Britain's biggest clothing retailer, Marks & Spencer Group, showed today that its recovery is gaining momentum as third-quarter sales covering the all-important Christmas season beat expectations.
The 122 year-old retail icon which has recently begun outperforming the competition, delivered like-for-like sales growth of 2.9% in the 13 weeks to December 31 compared with top estimates of around 2%.
The result was boosted by a much stronger-than-expected performance from food sales rather than the more profitable clothing side of the business. Non-food like-for-like sales rose 0.8%, in line with forecasts.

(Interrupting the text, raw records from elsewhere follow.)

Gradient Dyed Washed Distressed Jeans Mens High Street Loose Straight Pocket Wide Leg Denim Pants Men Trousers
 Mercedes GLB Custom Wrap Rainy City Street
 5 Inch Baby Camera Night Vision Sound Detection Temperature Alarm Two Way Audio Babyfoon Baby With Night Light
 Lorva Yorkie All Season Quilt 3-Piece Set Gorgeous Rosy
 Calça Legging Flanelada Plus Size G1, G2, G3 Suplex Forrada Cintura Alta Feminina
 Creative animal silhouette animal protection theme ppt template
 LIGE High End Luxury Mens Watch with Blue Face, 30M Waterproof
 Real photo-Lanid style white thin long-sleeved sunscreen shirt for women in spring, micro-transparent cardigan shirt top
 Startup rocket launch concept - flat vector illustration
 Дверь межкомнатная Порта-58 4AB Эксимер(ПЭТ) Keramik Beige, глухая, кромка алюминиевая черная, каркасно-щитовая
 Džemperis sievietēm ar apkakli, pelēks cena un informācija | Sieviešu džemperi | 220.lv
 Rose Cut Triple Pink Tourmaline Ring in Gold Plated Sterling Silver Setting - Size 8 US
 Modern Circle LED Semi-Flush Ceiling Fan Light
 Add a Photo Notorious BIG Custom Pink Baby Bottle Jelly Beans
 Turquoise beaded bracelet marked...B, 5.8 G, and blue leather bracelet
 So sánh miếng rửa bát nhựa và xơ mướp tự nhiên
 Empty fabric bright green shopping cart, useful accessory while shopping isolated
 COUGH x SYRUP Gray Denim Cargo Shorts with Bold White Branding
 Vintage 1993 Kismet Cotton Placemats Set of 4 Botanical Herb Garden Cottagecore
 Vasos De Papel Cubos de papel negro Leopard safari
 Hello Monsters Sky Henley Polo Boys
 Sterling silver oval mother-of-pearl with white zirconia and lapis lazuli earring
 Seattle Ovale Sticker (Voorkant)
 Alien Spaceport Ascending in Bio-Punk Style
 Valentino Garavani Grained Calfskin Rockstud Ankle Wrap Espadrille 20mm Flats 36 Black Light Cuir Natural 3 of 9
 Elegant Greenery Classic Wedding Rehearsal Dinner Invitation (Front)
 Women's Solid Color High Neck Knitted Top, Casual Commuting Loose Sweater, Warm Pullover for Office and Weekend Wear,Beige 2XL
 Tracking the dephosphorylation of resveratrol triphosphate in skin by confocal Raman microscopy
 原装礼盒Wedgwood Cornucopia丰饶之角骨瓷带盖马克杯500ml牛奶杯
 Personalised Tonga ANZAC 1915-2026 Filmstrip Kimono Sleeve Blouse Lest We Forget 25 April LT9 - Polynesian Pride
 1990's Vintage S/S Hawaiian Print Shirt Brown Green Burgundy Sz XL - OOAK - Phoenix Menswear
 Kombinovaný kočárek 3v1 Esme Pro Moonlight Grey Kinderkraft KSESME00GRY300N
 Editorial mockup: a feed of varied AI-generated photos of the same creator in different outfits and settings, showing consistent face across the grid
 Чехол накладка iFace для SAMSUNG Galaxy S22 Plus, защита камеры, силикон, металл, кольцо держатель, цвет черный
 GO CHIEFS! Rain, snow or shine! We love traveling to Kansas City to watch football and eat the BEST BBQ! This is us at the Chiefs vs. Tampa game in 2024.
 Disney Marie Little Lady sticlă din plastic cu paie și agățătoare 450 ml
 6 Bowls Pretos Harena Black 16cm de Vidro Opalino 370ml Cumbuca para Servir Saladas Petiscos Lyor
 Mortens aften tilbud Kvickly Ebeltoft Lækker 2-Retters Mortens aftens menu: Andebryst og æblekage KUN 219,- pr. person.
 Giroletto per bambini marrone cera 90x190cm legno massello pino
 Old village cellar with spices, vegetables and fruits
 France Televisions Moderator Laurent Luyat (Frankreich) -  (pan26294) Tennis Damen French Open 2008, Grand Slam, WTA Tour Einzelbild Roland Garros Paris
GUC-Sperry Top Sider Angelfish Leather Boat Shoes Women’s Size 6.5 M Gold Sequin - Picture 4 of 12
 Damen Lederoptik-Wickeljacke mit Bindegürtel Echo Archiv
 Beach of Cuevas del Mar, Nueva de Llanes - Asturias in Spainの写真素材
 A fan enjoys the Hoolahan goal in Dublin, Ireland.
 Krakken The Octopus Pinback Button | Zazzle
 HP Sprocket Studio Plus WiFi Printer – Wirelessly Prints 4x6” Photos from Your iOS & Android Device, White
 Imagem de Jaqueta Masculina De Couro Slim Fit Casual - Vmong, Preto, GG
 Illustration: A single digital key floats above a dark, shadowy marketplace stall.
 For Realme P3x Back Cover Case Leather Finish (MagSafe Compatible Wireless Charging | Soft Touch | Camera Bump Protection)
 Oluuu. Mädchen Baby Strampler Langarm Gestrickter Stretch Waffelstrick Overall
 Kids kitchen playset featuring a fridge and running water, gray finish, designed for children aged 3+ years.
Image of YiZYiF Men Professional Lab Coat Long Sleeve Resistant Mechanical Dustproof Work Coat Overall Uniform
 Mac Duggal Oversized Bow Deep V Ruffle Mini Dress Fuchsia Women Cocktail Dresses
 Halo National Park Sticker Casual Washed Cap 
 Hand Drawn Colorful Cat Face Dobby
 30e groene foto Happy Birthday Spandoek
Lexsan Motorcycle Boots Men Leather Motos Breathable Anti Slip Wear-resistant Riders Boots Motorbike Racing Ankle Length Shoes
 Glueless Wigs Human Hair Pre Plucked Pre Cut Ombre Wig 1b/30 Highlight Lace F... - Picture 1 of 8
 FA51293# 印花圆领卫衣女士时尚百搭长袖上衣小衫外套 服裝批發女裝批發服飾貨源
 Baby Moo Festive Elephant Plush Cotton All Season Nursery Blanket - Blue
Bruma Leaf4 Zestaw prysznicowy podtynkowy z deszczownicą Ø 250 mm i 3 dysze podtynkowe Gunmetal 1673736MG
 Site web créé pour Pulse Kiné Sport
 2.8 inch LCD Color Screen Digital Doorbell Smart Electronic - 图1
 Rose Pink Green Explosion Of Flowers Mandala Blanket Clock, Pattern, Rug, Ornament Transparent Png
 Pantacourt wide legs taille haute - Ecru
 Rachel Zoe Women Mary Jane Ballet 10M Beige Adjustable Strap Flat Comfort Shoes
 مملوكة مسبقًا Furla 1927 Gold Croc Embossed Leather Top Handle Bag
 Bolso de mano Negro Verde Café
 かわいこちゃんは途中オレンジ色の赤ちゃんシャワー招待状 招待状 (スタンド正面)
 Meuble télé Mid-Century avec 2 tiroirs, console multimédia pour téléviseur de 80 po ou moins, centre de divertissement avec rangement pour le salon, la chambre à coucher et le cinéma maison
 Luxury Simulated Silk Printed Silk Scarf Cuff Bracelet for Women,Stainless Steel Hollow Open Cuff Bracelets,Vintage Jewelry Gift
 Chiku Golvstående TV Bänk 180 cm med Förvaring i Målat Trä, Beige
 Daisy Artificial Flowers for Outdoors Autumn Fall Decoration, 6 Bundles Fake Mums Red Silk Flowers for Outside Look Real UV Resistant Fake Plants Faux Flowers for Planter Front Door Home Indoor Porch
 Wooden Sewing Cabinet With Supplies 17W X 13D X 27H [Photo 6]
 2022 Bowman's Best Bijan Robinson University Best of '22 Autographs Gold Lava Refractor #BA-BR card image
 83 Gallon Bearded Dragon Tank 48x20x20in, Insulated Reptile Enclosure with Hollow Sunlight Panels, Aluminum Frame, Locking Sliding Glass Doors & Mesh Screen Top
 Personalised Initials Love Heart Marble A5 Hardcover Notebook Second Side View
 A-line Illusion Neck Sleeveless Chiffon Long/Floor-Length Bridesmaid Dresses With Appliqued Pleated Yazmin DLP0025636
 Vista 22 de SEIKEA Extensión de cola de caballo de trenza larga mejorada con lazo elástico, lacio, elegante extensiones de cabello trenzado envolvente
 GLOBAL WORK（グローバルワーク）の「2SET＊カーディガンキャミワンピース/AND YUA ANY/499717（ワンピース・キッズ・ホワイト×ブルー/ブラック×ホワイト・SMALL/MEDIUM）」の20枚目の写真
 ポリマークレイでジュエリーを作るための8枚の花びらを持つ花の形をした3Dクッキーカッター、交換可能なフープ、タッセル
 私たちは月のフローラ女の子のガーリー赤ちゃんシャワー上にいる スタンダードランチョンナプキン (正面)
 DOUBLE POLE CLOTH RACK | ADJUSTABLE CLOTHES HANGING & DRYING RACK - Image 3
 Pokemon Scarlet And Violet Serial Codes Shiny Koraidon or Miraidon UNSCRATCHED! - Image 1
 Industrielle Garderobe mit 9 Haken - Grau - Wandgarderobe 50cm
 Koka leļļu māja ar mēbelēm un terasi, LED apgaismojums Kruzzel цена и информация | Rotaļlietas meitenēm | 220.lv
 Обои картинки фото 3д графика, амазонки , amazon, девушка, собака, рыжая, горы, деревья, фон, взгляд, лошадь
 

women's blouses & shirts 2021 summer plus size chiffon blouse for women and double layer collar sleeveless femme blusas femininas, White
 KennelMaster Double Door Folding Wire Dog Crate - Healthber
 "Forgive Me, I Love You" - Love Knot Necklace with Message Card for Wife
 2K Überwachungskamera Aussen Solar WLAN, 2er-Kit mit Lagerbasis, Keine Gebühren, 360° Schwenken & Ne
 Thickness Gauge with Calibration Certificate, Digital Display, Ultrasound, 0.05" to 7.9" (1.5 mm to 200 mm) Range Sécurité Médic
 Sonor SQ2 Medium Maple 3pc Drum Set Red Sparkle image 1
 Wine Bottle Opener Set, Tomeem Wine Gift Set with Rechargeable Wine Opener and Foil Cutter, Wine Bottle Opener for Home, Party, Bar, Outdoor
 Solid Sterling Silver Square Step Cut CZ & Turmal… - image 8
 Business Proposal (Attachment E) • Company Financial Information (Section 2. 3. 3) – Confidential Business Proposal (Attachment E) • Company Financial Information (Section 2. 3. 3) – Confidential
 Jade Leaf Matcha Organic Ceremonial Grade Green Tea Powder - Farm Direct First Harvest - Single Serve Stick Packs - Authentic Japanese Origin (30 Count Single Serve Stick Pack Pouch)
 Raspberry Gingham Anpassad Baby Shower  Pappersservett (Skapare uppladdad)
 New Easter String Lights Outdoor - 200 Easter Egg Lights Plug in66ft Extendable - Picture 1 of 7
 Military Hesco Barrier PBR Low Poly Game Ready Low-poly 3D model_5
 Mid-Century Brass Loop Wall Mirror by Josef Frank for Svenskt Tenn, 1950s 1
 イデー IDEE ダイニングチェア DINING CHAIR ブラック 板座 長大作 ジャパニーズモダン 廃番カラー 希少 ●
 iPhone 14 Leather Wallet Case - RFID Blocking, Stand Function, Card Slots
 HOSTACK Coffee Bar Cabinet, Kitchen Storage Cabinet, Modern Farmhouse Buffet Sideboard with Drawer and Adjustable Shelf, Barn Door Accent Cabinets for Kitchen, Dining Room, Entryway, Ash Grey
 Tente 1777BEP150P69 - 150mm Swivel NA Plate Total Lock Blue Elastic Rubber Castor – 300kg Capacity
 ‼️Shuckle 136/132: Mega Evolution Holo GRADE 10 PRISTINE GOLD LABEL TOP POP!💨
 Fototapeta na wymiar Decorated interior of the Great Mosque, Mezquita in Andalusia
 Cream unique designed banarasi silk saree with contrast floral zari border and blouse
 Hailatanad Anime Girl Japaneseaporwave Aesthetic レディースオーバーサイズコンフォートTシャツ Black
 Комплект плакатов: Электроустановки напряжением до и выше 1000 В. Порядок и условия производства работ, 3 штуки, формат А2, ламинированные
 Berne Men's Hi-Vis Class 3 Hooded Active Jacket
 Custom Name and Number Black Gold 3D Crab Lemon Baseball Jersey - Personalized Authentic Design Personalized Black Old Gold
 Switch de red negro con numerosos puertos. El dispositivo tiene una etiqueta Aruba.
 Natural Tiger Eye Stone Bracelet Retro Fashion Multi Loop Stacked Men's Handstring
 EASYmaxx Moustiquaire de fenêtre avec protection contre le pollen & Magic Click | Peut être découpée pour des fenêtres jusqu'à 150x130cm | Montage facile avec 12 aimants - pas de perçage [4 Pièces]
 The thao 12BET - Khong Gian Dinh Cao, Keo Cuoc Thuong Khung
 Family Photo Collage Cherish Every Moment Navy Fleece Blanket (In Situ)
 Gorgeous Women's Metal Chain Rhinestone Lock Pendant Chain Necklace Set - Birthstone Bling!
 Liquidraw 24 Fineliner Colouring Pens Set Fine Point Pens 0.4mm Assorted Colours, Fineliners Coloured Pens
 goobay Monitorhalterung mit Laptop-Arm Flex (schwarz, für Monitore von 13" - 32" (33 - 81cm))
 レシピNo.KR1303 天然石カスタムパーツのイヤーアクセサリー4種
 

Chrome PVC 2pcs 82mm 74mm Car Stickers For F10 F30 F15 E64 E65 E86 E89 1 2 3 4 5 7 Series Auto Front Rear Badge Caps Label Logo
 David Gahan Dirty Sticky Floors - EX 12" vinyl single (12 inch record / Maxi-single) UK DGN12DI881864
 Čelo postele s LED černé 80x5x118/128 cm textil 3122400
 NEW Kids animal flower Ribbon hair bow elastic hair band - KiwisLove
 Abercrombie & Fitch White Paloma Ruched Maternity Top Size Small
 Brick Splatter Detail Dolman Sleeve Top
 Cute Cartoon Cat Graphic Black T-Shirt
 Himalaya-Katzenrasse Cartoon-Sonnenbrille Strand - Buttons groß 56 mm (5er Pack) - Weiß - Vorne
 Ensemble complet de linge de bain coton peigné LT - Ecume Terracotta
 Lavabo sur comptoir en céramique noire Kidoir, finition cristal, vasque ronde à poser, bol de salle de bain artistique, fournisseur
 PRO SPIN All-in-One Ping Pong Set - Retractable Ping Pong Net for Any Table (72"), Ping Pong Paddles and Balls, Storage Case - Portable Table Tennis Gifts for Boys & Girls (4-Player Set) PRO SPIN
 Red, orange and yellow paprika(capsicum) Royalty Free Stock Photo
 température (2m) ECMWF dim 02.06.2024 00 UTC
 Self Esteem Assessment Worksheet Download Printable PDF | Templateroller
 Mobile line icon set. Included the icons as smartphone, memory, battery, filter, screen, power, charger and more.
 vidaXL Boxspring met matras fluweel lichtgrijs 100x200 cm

Like-for-like food sales jumped 5.1%.
In the second quarter, comparable sales had risen 1.3% - the first rise for eight quarters, although the non-food sales trend was still negative at that time.
A cold snap boosted subdued clothing sales in Britain just in time for Christmas and M&S was hotly tipped to have outperformed rivals such as Next.
Chief Executive Stuart Rose, who was parachuted into M&S in 2004 to fend off billionaire Philip Green's £9.1 billion sterling hostile bid, had cut back orders to minimise costly markdowns and secured better buying terms to boost profit margins.
M&S said full-price sales of non-food were up 5.3% this quarter compared with a 0.4% gain in the second quarter. Clearance stocks were 35% lower than last year.
However, Rose cautioned that he expected the market to remain tough after a dreadful year for most in the industry. 'Costs of fuel, utilities, rent and rates have risen sharply and will have an impact next year,' he said.